Windows 10: Hard drive failure

Discus and support Hard drive failure in Windows 10 Drivers and Hardware to solve the problem; All mechanical drives have one thing in common. They all have sealed air and moisture tight chambers for the platters, main spindle, armature, heads... Discussion in 'Windows 10 Drivers and Hardware' started by Sven1458, Mar 14, 2016.

  1. Hard drive failure


    All mechanical drives have one thing in common. They all have sealed air and moisture tight chambers for the platters, main spindle, armature, heads while the motor may or may not be inside that sealed up portion of the drive. Moisture can only get in once the seal has either been borked in some fashion or has hardened up and split over time from constant heat up and cool off and heat up and cool down times. Besides a PC World blog you may want to dig a little deeper into things like seeing what manufacturers themselves advise. One site that covers a wider range of things can be looked over at Safe HDD Temperature Range to Avoid Hard Disk Failure

    And the temps can not only effect mechanical drives but SSDs as well as since overheating things can see memory ruined as an other note. SSDs have to have a higher threshold put into effect compared to what you see for desktop memory. Flash drives and other removable depends on quality there since flash drives can take a bit more abuse! being tossed around dropped on hard surfaces, etc. Another older reference on drive temps and cooling seen at Temperature Limits and Drive Cooling indicates:

     
    Night Hawk, Mar 17, 2016
    #31
  2. Sven1458 Win User

    I just got me a Crucial 240GB ssd and will install it later today. Hopefully it will solve my problems and will not brake down after 2 years.
    After that, I will try to get my data of the old drive. As I mentioned before, the MFT is corrupt but I thing the data is there.

    Sven
     
    Sven1458, Mar 17, 2016
    #32
  3. If you have a local data recovery service provided by a local repair shop that would be one pay a few option to get what can be saved from the drive before seeing it tossed. You simply provide the blank dvds or another spare drive to see things recovered to.

    Personally I end up not only storing thing on separate drives but seem to end up sharing a good number of files between machines here. If one system goes down I could still recover just about anything on short notice!
     
    Night Hawk, Mar 18, 2016
    #33
  4. Porthos Win User

    Hard drive failure

    Late to the discussion but relevant to others reading. I never use WD BLUE drives for any thing. BLACK only.

    P.S. Congrats on your SSD. You will never go back to a spinner again.*Smile
     
    Porthos, Mar 18, 2016
    #34
  5. Sven1458 Win User
    I will need another drive, and it's going to be a big one because of my home movies. 1 t is big enough, but now you're talking $300.00, so I might go for a spinner on that one.

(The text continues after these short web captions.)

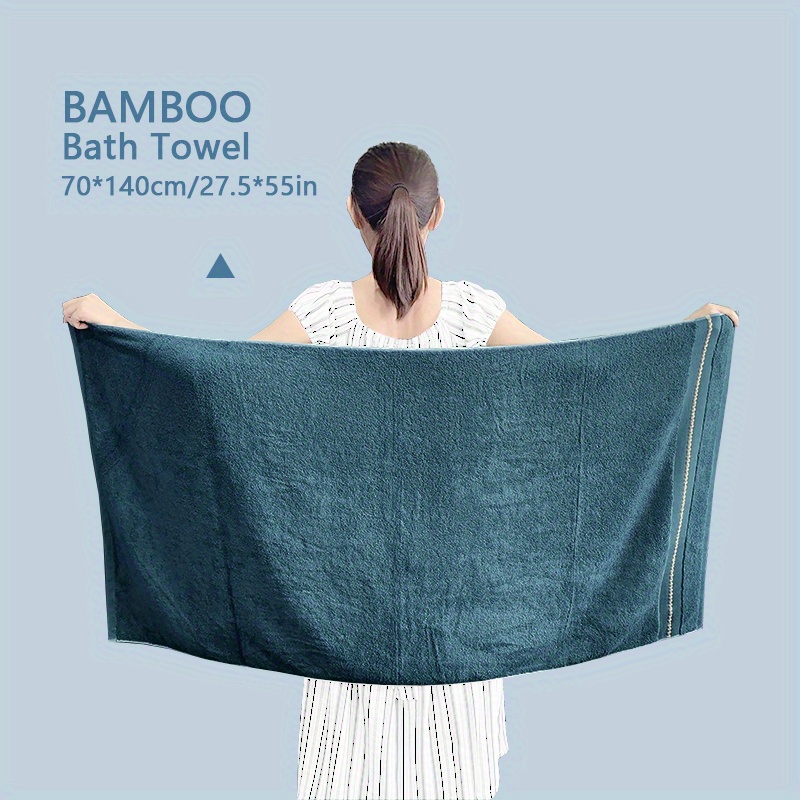 Bamboo Fiber Towels Set Quick Dry Adults Towel Sets For - Temu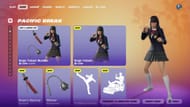 You can now purchase the Gogo Yubari skin in Fortnite (Image via Epic Games)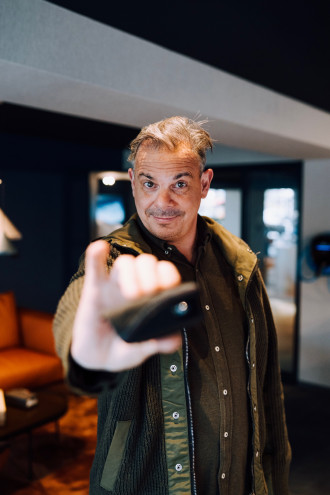 Dano Dangl si prevzal nové BMW M5 v Individual farbe Frozen Deep Grey.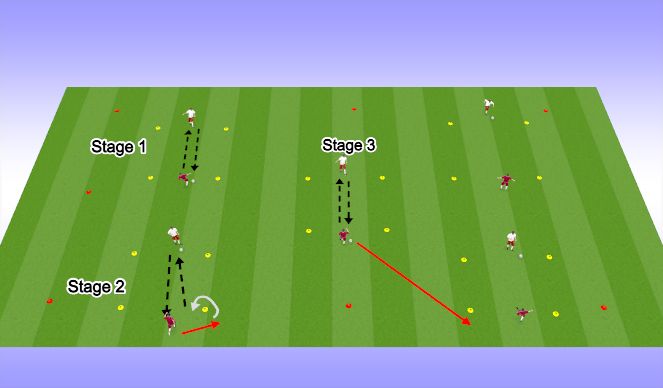 Football/Soccer Session Plan Drill (Colour): pairs passing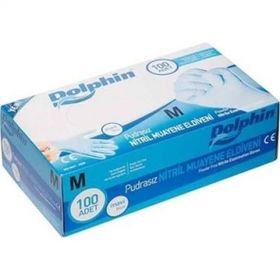 Dolphin M Pudrasız Nitril Muayene Eldiveni 100 Adet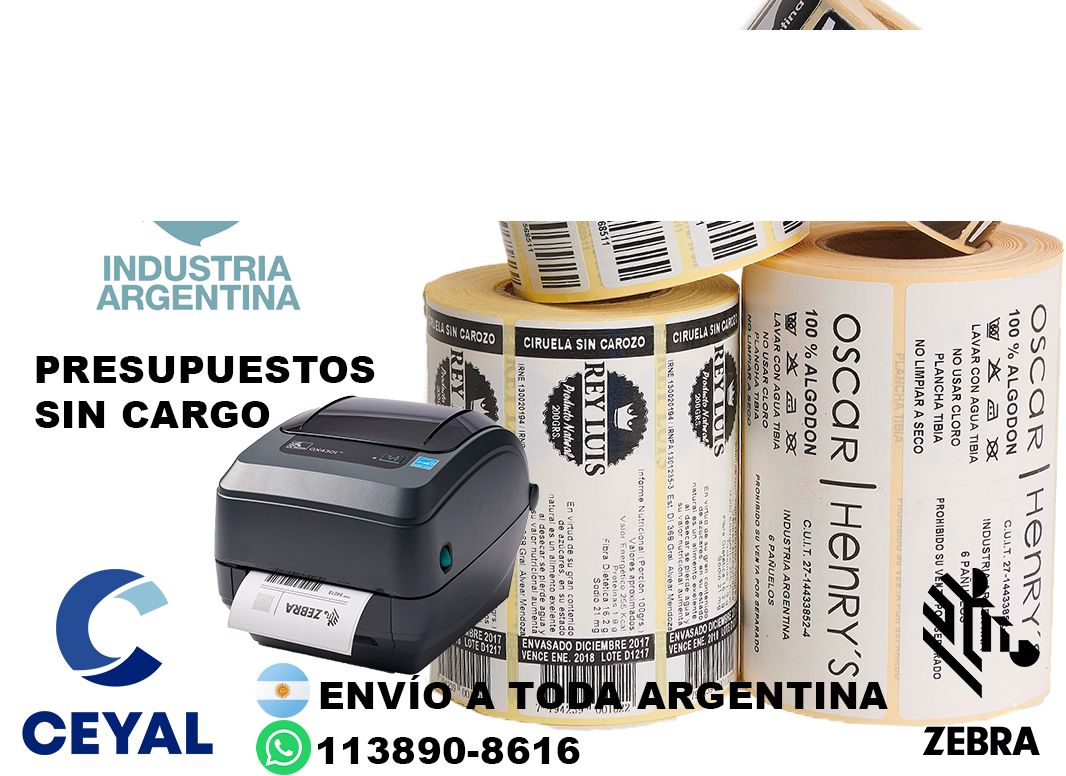 Donde Comprar etiquetas 37 x 66 en AV AVELLANEDA? Buenos Aires - Stock permanente
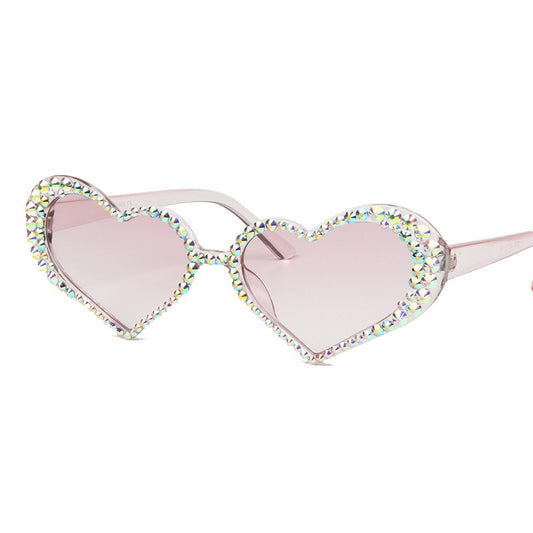 Crystal Heart Sunglasses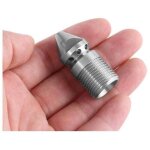 Ss304 buse de nettoyage d'�gout en acier inoxydable avec filetage m�le 3 / 8bsp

    Thanks to all for your input

    Sven
     
    Sven1458, Mar 18, 2016
    #35
  6. WD Blue replaced the WD Green Power line being the "energy efficient" power saver series there. For laptops and desktops like All in Ones or other small builds with small supplies is where you would add one of those on as a storage medium.

    For the Black edition series the two OS drives(10 Pro, 7 Ultimate) are still seeing a pair of 1tb size there while the two new larger storage drives added in recently are close but not quite in the WD RE classification. Western Digital 2TB 7200RPM 64MB Cache SATA 3.0GbCCTV DVR - Newegg.com

    A pair of those replaced the pair of 1tb Black edition Sata 3 drives when those 5yrs.old now saw one having a problem taking forever to access. They had been mounted as SCSI devices to add to the performance.

    Those drives in that link there only go for $65- while presently out of stock. Where are you generally ordering from? You can adjust the filters at newegg for a good look at lower prices for most everything except a couple of the latest additions. 7200 RPM, 1.2TB - 2TB, Western Digital, Desktop Internal Hard Drives, Hard Drives, Components - Newegg.com

    For something $300 or more I would be looking at a pair of these here if not more to build a home server. WD Black 6TB Performance series
     
    Night Hawk, Mar 18, 2016
    #36
  7. Sven1458 Win User
    After I put the new drive in, I wanted to restore from an image, but that did not work. I think it has something to do with the fact that the new drive is only 240GB and the old drive was 500GB. so I did a clean install of windows and now I am installing all my software again. probably will take me the better part of Saturday to get it where I want it. I did noticed that the drive is faster. there is no delay after I click on something it pops right in.
    All in all I am happy with it. Now I have to ponder if I want to spend the money on a 1TB SSD as my second drive for all my movies and pictures. Every thing is going fine, so I will mark this solved

    Thanks again for all your input
    Sven
     
    Sven1458, Mar 18, 2016
    #37
  8. Clintlgm Win User

    Hard drive failure

    if I remember right you adding these drive in a notebook is so I would look at the 2 TB 7200 RPM 2.5" 9 drives. SSD for data drives are really a waste of money as the times the extra speed would be useful are very seldom. and 2 TB SSD are still in the $800 range
     
    Clintlgm, Mar 18, 2016
    #38
  9. Sven1458 Win User
    Clintlgm,
    no the drives are for my desktop.
    but regardless, I tend to agree with you about the 1 TB drive. I probably will go with a Spinner on that.
    Sven
     
    Sven1458, Mar 18, 2016
    #39
  10. Sven1458 Win User
    Follow up Question:

    I have almost all my programs reinstalled and now trying to get my data of the olds drive. I plugged it in and it shows in the bios and it shows when I boot, but it does not show in windows. what am I missing
    Sven
     
    Sven1458, Mar 18, 2016
    #40
  11. Sven1458 Win User
    Found the drive.
    Sven
     
    Sven1458, Mar 19, 2016
    #41
  12. When you add in a new drive as well as readd an old one back in the Disk Management tool is the place to be! I think you found that one out fast enough! *Smile

    As for why the image wouldn't go on you have to see it to the same size if not a larger drive where you could then expand the restoration a bit not too much however to fill the larger drive in. You wouldn't expand a 500gb drive's image to fill in a 2tb drive for sure! A 600-750gb while stretching things a bit for a 1-1.2tb drive would be a yes on the other hand. As a rule here any new drive immediately sees a clean install automatically.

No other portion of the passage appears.